Repeat exactly the lines of the material below that run from the "Convite Casamento muçulmano" line to the "5-częściowy zestaw tarcz" line, including both, and do not carry over any pictures.

▶ _Task data_
===============

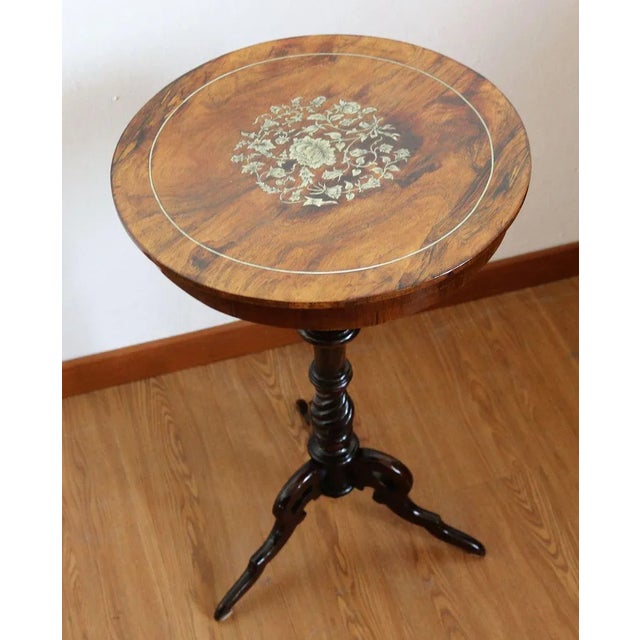 Small Victorian Inlaid Wood Gueridon For Sale - Image 6 of 8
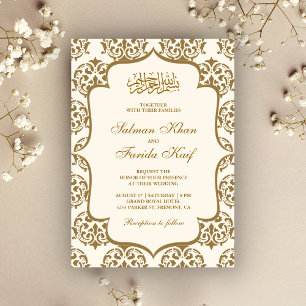Convite Casamento muçulmano islâmico com creme e Dourado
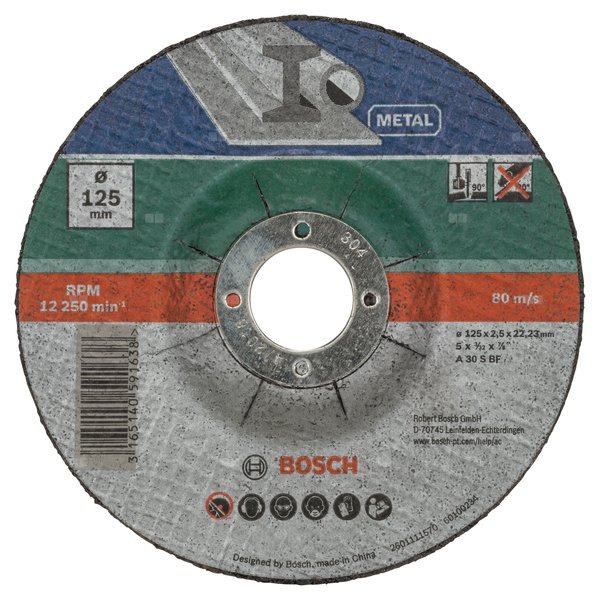5-częściowy zestaw tarcz tnących, wygiętych, do metalu D = 125 mm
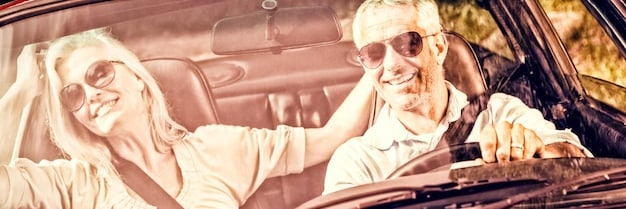 A split screen image. One side shows a couple in a classic car, laughing and enjoying a sunny day; the other side shows the same couple arguing, the car pulled over on a dark, rainy road. The contrast symbolizes the ups and downs, the 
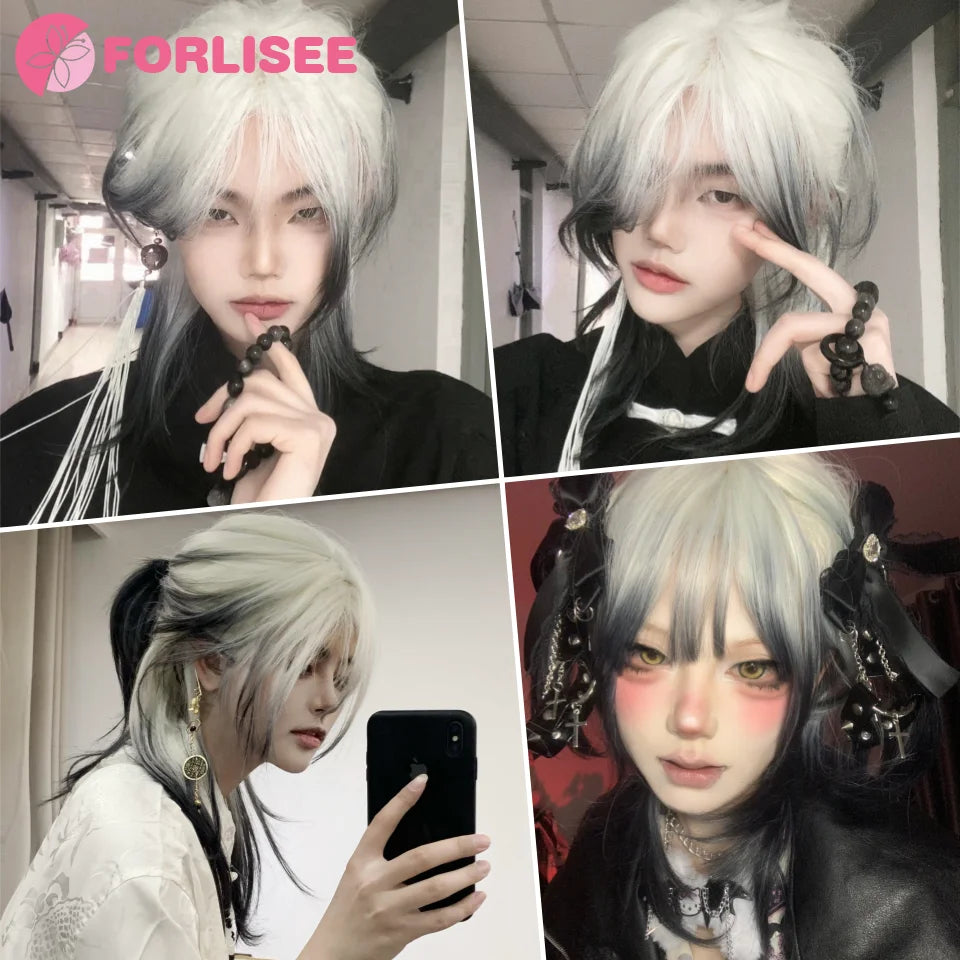 FORLISEE 20 Inch Black And White Mullet Head Wig Synthetic Straight Fluffy Natural Wolf Tail Hair for Daily Use Party Cosplay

===============

▶ _Output_
Convite Casamento muçulmano islâmico com creme e Dourado
5-częściowy zestaw tarcz tnących, wygiętych, do metalu D = 125 mm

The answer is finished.